Bologna, 6 novembre 2015 – Lathe of Heaven, letteralmente Falce dei cieli, questo è il titolo dell'album – inciso dall'etichetta discografica ECM – preso in prestito dal nome del libro di fantascienza pubblicato nel 1971 dalla scrittrice americana Ursula K. Le Guin, e che vede protagonista Mark Turner e il suo quartetto, un progetto lanciato nel 2014, che ha raggiunto grande visibilità internazionale e che la scorsa sera anche il pubblico bolognese ha avuto modo di ascoltare.

Il disco – al pari dell'omonimo romanzo – suscita un certo alone di mistero, dove i musicisti attraversano un viaggio magico senza meta, il cui itinerario è accuratamente costruito da suoni morbidi e avvolgenti, che trascinano lo spettatore dentro un sogno, contornato da un jazz denso e intriso di blues, come nel brano Sonnet for Stevie, un tributo a Stevie Wonder. Sono suoni cameristici che rapiscono l'ascoltatore – immerso in una realtà spettrale, quasi eterea – arazzi sonori di un racconto e validi canali per la creatività e l'espressività. Passaggi di raccoglimento e meditazione si alternano a sonorità furibonde e ricche di intensità, grazie al connubio perfetto della tromba di Cohen e il sax tenore di Turner – conversatori ideali dal registro impeccabile – artigiani di timbri poliedrici e abili oratori in Brother Sister 2.
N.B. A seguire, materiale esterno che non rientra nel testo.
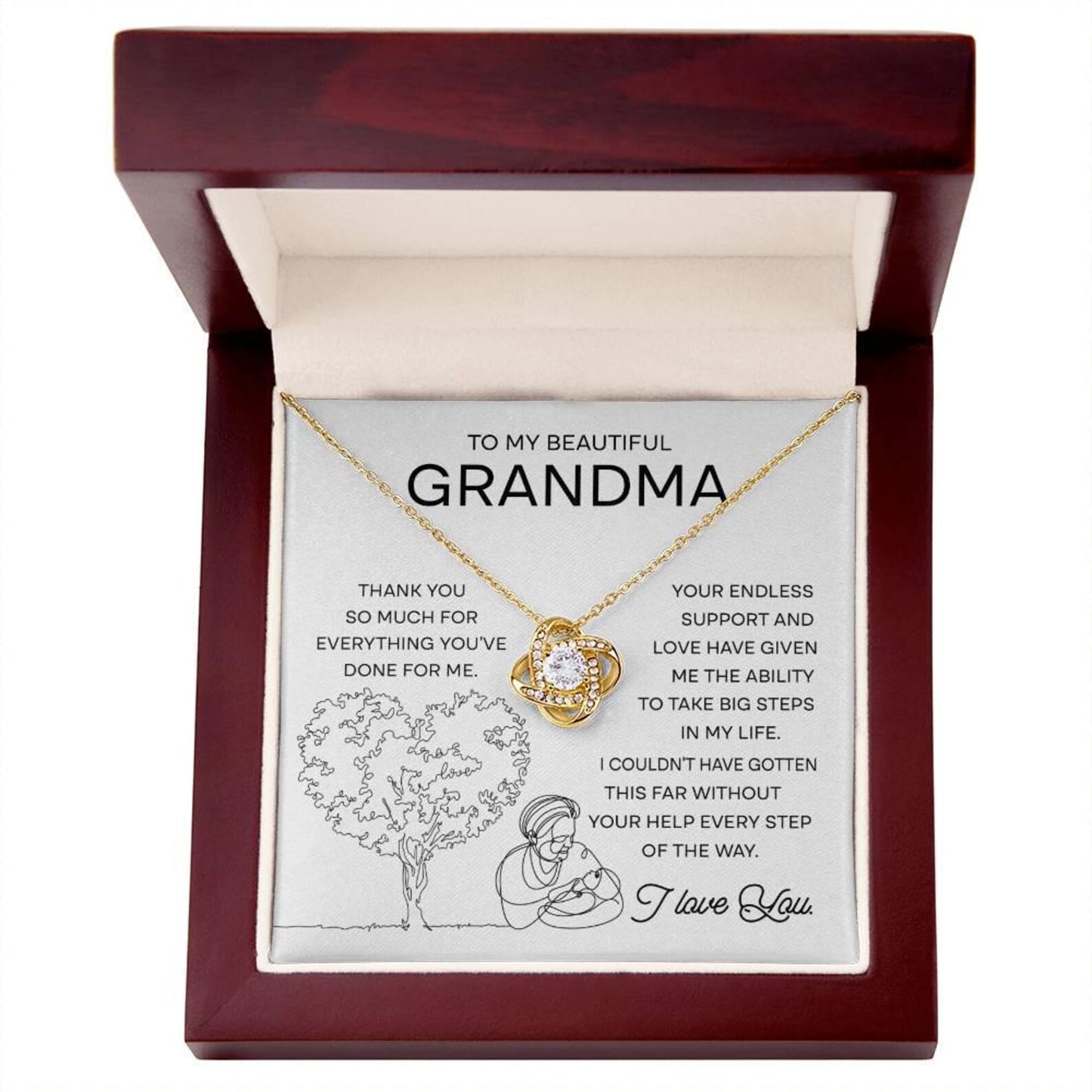 TO MY GRANDMA FROM GRANDSON - Premium Love Knot Necklace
Tutti i brani sono accomunati dalla polifonia solistica dei due fiati. L'esposizione dei temi è infatti solitamente interamente monodica, secondo la scia del tipico organico be bop o hard bop, in cui tromba e sax tenore suonano quasi sempre all'unisono o in ottava, come avviene in Ethan's Line, un esempio di jazz acustico in cui si avvicendano ritorni al tema iniziale e dialoghi incrociati fra Turner e Cohen, secondo un'esplicita libertà nella costruzione armonica e nell'improvvisazione, di matrice tipicamente coltraniana. Il contrappunto tra tromba e sax lancia gli interventi alternati fra i due strumenti melodici. In The Edenist dopo il tema si estende l'ipnotico solo di Cohen dalle lunghe linee introspettive, e di seguito quello di Turner che predilige le estese frasi piene di note – a volte sovraccariche – al pari dei suoi maestri Warne Marsh e Lee Konitz. Lathe of Heaven appare invece come una delicata fanfara che oscilla sulle note sinuose del sax.

A sostenere le melodie liriche e l'impetuosa improvvisazione, un'eccellente sezione ritmica formata da Joe Martin al contrabbasso e per l'occasione da Obed Calvaire alla batteria, capaci di raccogliere brillantemente le idee perspicaci – senza troppi artifici e in modo sempre equilibrato – dei due fiati, sviluppatori di motivi melodici e manipolatori di armonie e ritmi, come fa ugualmente George Orr, protagonista del romanzo fantascientifico, che crea e distrugge i diversi universi possibili, alla ricerca di un mondo perfetto desiderato.

Il quartetto ha saputo sapientemente veicolare il sound ereditato dalla tradizione bop e introdurre il pubblico dell'Unipol Auditorium all'interno del loro intimo e seducente microcosmo. Sembra proprio che per il Mark Turner Quartet, come per Orr, i sogni siano destinati ad avverarsi, spogliati per rivelare la più profonda verità – spesso familiare, altre volte inattesa – come il suono generato dallo stile jazzistico dei quattro musicisti.